首藤議員は湾岸戦争における宣戦布告について質したのに対し、「宣戦布告ではなく、国連の決議において行われた」とする田中外相の答えに、「では今回、米国がもし実力行使に踏み切るときは、その宣言はだれが行うことになるのか」と質問。国連憲章51条に基づくとする田中外相に対し、「国連憲章51条に基づいて戦闘行為を行った場合、当然ながらブッシュ大統領には戦争権限法の規定がなされる。それについてはどう思うか」としたのに対し、「仮定の議論には入るわけにはいかない」と議論を避けた。
戦争の基本的認識すらあやふやな田中外相の答弁ぶりに、首藤議員は「私たちはここにいったい何をしにきているのですか」と呆れ、「戦争責任は議会が負うか、それとも大統領か。国連憲章51条において行われるのか、その場合には戦争権限法によって大統領の行為が規制されるのか」など、答弁を重ねて迫った。この指摘に対しても外相は「仮定の話、ましては武力行使については答えられない」という姿勢を崩さなかった。
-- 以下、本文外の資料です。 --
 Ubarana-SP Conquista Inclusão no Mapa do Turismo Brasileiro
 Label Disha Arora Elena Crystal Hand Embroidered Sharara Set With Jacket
首藤議員が「日本の対応ではなく、アメリカがどういう行動に出るかを外務大臣に問うているのだ」としたのに対し、「評価する立場にない」と外相はコメント。これには須藤議員も語気を一段と強め、「同盟国である以上、間違った方向に進みそうになった場合、相手国を指摘するのが本来あるべき姿だ」とした。
オサマ・ビンラディン氏を首謀者だとしている点についても、首藤議員はその根拠を質した。「それを応える立場にはない。米国が調査中だ」とする田中外相に対し、「同盟関係にありながら、なぜ軍事展開しているかわからないということでいいのか」と重ねて迫ったが、田中外相は「関連情報については機微に当たるので現在は公表を差し控える」とした。
首藤議員はあらゆる点が明確でない現状にあって、「周辺事態法も変える、新法もつくる、自衛隊の体制も変えるといった議論が沸騰していること自体、奇異だと言わざるを得ない」と指摘。同時に犯人も確定されていない事件後、すぐに「復讐する、報復する」としたブッシュ大統領、また「アメリカの立場を理解し、報復を支持する」と表明した小泉首相の姿勢についても、疑問を呈した。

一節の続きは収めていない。